Da questi giungiamo dunque ai varmint propriamente detti. In principio, in una Frontiera in cui operavano mandriani, allevatori e trappers, la cartuccia che oltre oceano venne messa a punto per il contenimento di rapaci, mustelidi, volpi etc. fu quella .22 Hornet derivata dal vecchio bossolo della .22 Winchester Center Fire a polvere nera; similare, ma non sovrapponibile in quanto a prestazioni al 5,6x35R Vierling – calibro tedesco prettamente da nocivi- poiché in grado, quest’ultimo, di sviluppare maggiori velocità tirando altresì palle di maggior importanza. Dal 1930 camerò numerosissime carabinette sia negli Usa che nel Vecchio Continente, servendo egregiamente rural men e guardiacaccia professionisti i quali, senza sciocchi limiti di tempi ed orari, dovevano difendere i propri allevamenti e la selvaggina di pregio dagli attacchi di tutti i predatori in soprannumero, dimostrandosi efficacissima – con proiettile da 45 grs. hollow point- su animali di mole analoga o di poco superiore alla volpe sino a 100 metri. La sua storia doveva però finire attorno alla seconda metà degli anni ’50, quando grazie alle ricerche messe in atto in casa Remington per la messa a punto di una munizione militare (sfoceranno nella magnifica .223R o 5,56 NATO), prese vita lo splendido e razionale .222 Remington. Il non plus ultra dei calibri da varminting. In breve questa munizione divenne signora incontrastata delle .22 a percussione centrale la cui destinazione d’uso fosse la caccia ai nocivi. Portò al rapido declino di altre (esuberanti e dunque costose e non del tutto adeguate) che nel frattempo erano nate, quali la .218 Bee e la .219 Zipper, limitando altresì al loro adeguato utilizzo calibri ben più potenti come il 30/06S ed il .308 Winchester.
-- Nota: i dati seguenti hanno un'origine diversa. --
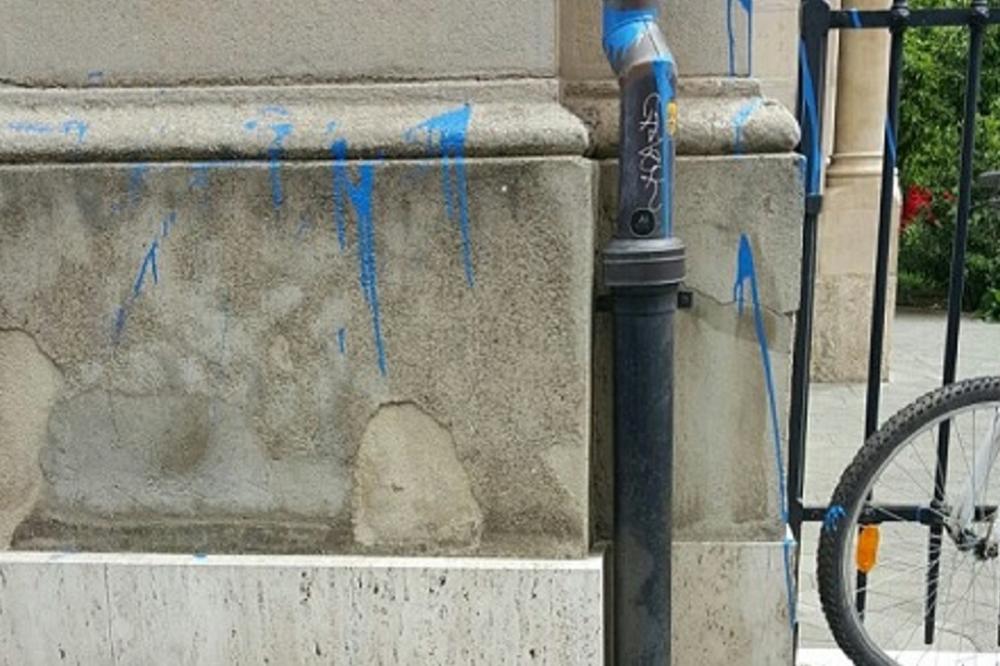 Vandalizam u Zagrebu: Bačena boja na srpski hram (FOTO)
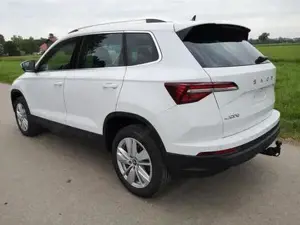 Skoda Karoq Selection 2.0 TDI DSG GV5 AHK 17 Ladeb 110 kW (... Bild 3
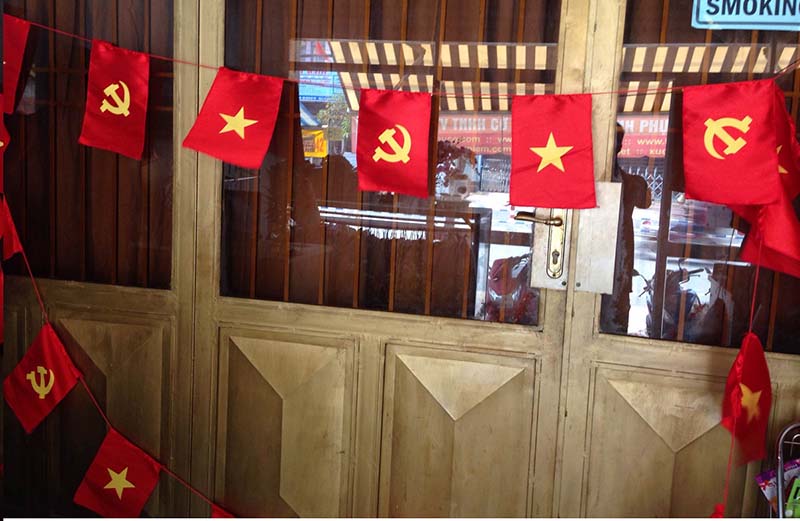 cờ dây tổ quốc trang trí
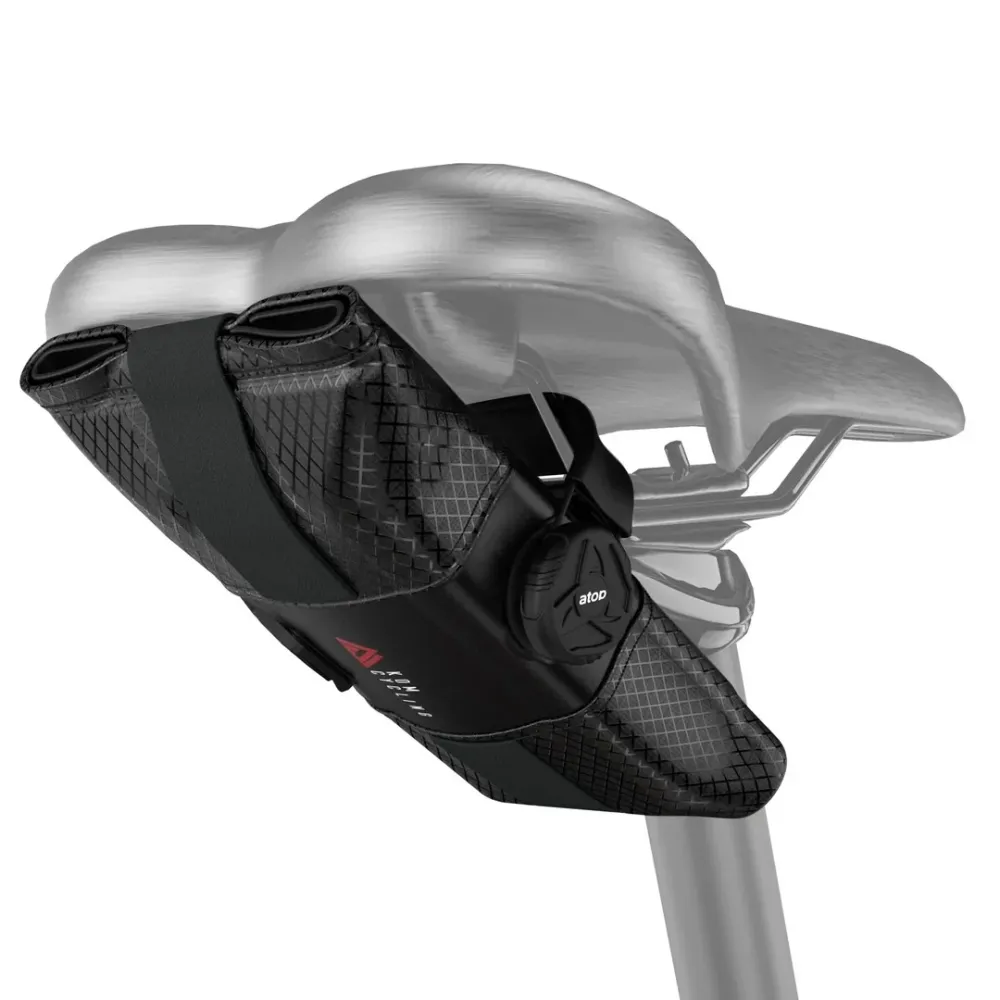 Satulalaukku KOM CYCLING SADDLE SADDLE ROLL XL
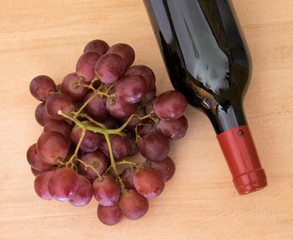 Esencia del vino.
Materia prima de donde se obtiene el vino después de ser tratada.
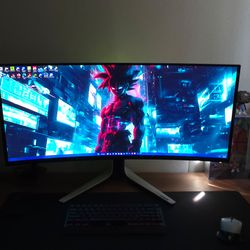 Alienware Oled Curved 4k monitor 120hz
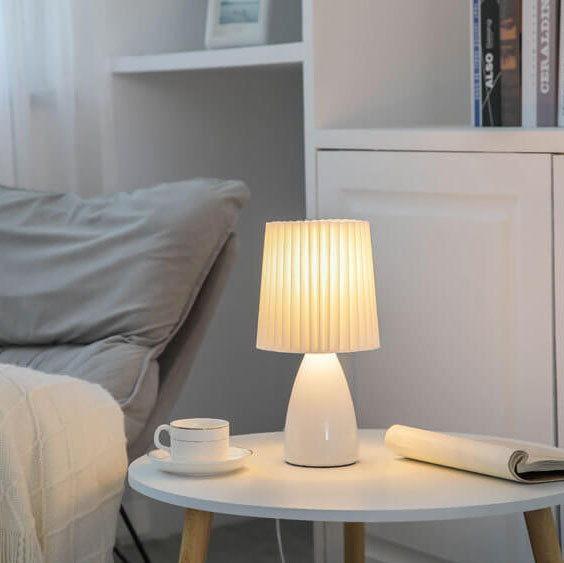 Vivolux | Skandinavische Retro-Tischlampe mit plissiertem Schirm und Glassockel
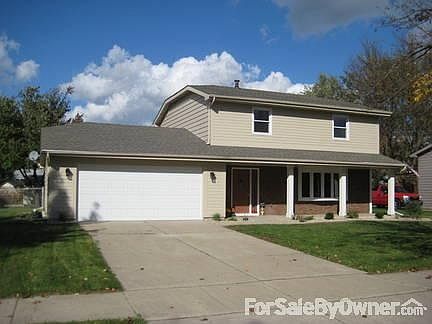 1st image of 103 Lilac Dr
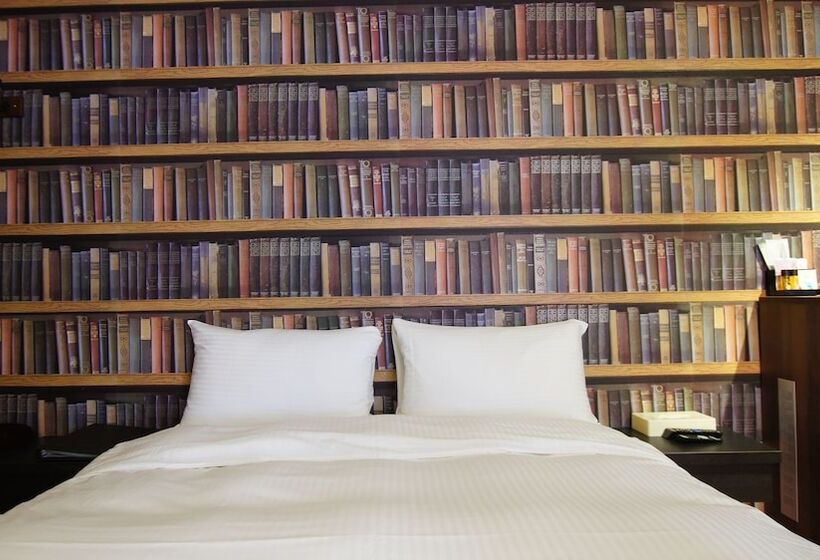 اتاق لوکس, Colors Infinity Inn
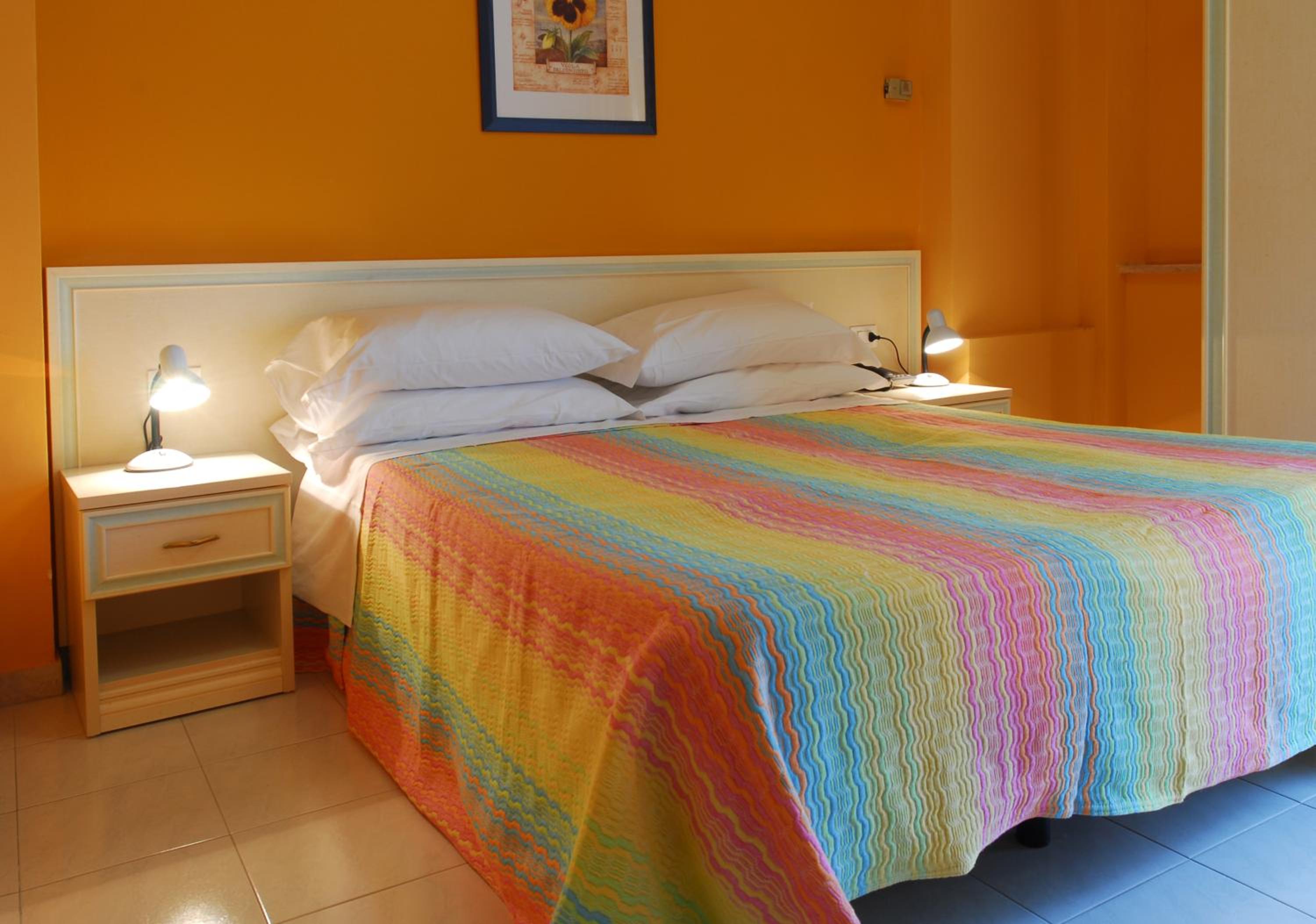Double Room - Photo 12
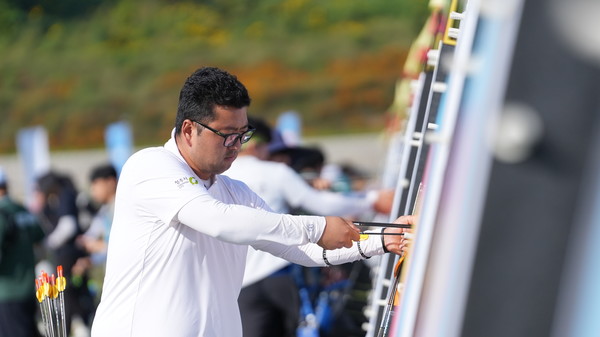 오는 10월 1일부터 3일까지 광주국제양궁장과 광주 5·18 민주광장에서 ‘현대자동차 정몽구배 한국양궁대회 2025’를 진행한다. 예선은 1일 광주국제양궁장에서, 본선은 2~3일 광주 5·18 민주광장에서 열린다. 1일 오후 전남 광주국제양궁장 김우진 선수 (사진제공 대한양궁협회)2025.10.02, snakorea.rc@gmail.com , *재판매 및 DB 금지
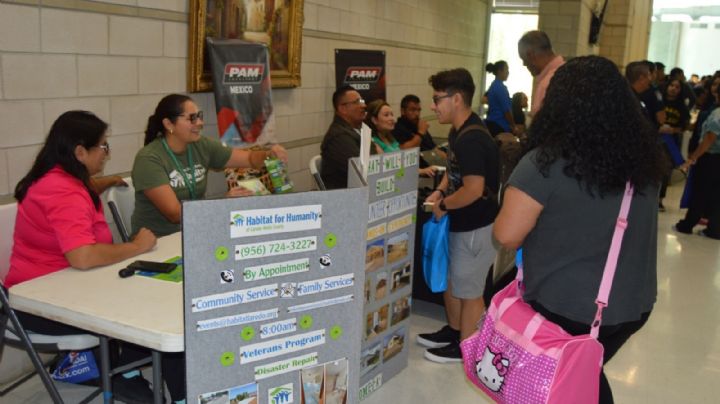 Estudiantes de Laredo, Texas, aprovechan la feria del empleo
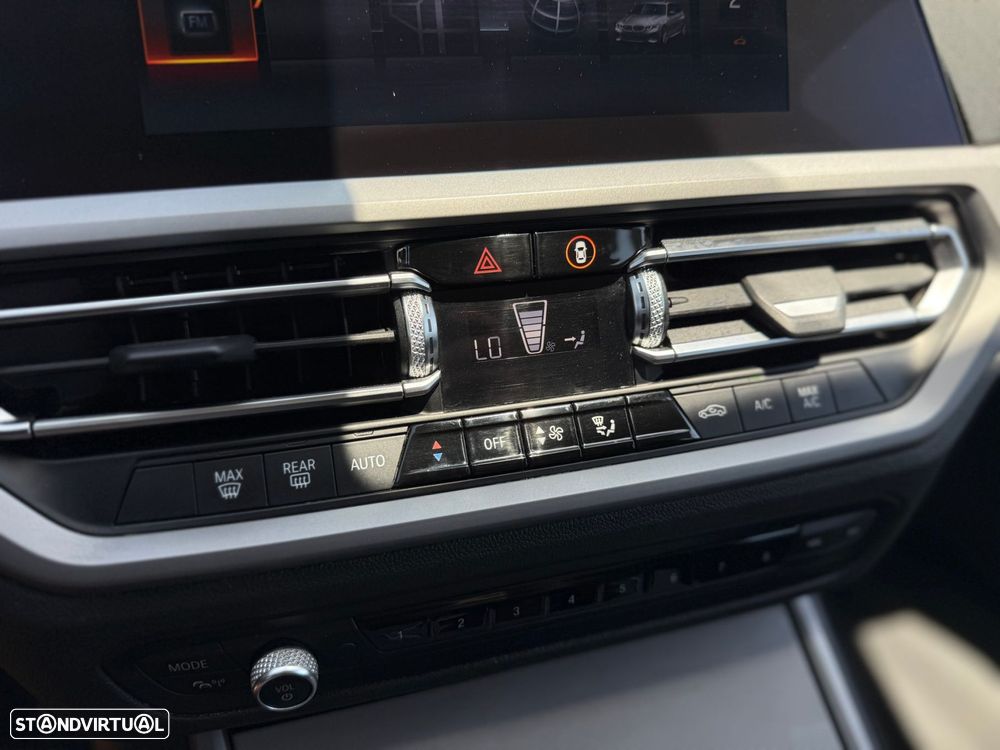 BMW 318 d Corporate Edition - 40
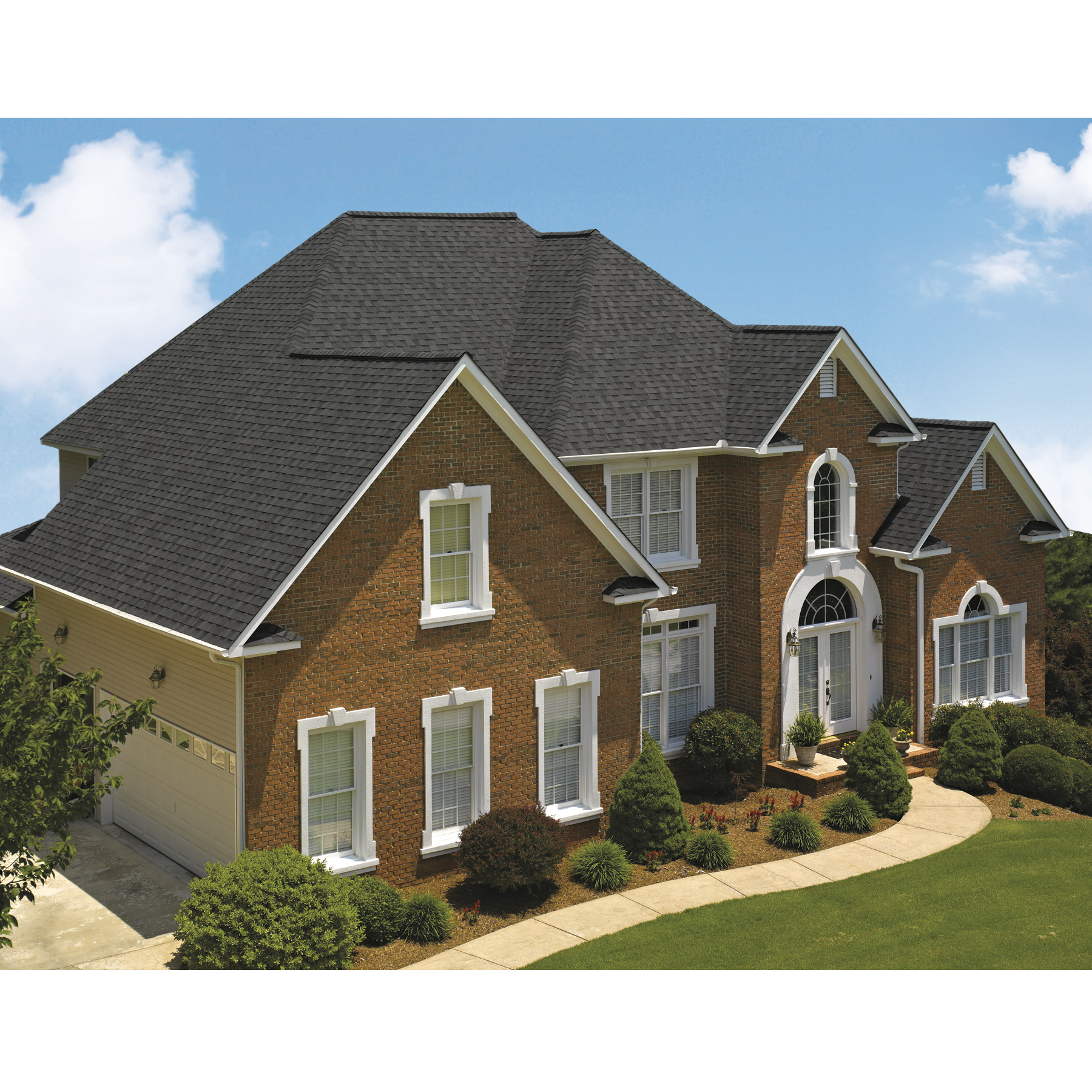 Landmark Laminate Shingles, Certainteed, Moire Black - 1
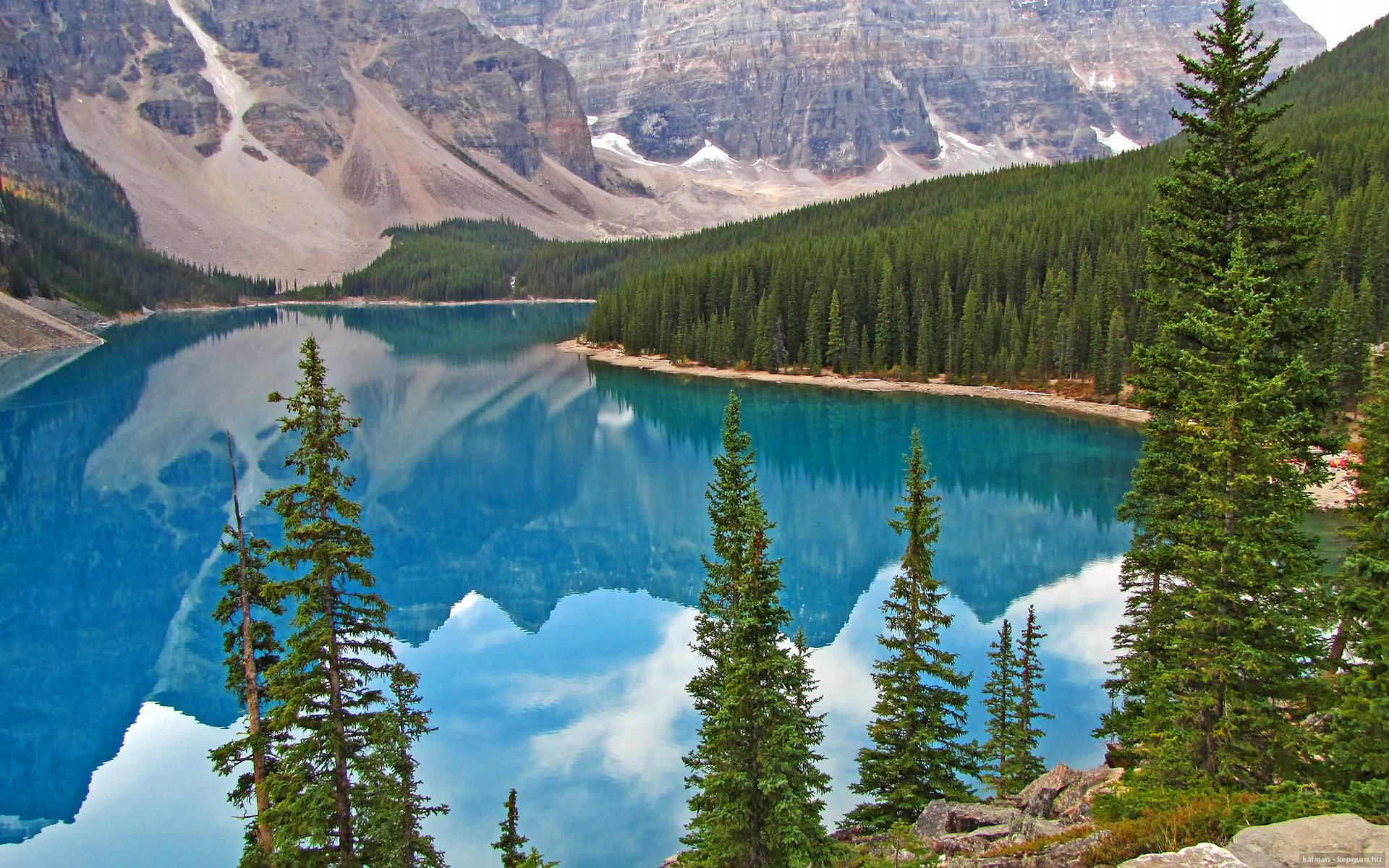 从摩纳哥到安菲尔德,法比尼奥,在舞台中央定义大场面先生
È in effetti proprio la .222 Remington munizione specifica per la caccia ai nocivi di piccola o media mole dalle lunghe distanze. Pur non essendo infatti molto veloce – raggiunge i 975 m/s alla bocca con palle da 50 grani, spuntando poco di più con la carica domestica – si dimostra efficientissima su volpi, mustelidi e grossi roditori (potrebbero essere istrici e nutrie) sino ai 300 metri almeno; producendo sempre rosate strabilianti condite da scarsissimo rinculo. È ovvio che sui corvidi è assolutamente eccessiva (ma per questi ci sarebbe, come dicevo, il perfetto .22 Long Rifle), almeno quanto su animali di mole superiore e dunque più coriacei, insufficiente. Perciò in America, pressoché nel medesimo periodo (1955), nacque un’altra eccellente munizione, l’unica 6 mm. della classe Varmint: il .243 Winchester. Negli Usa divenne assai popolare, con palla da 80 grani, per il tiro a lunga distanza soprattutto su lupi e coyotes. Oggi, da noi, è calibro principe con palle di varia granatura per la selezione al capriolo. Ma questa è un’altra storia. Anche se ho come l’impressione che sia la stessa cui manca un importante, fondamentale capitolo. Questo.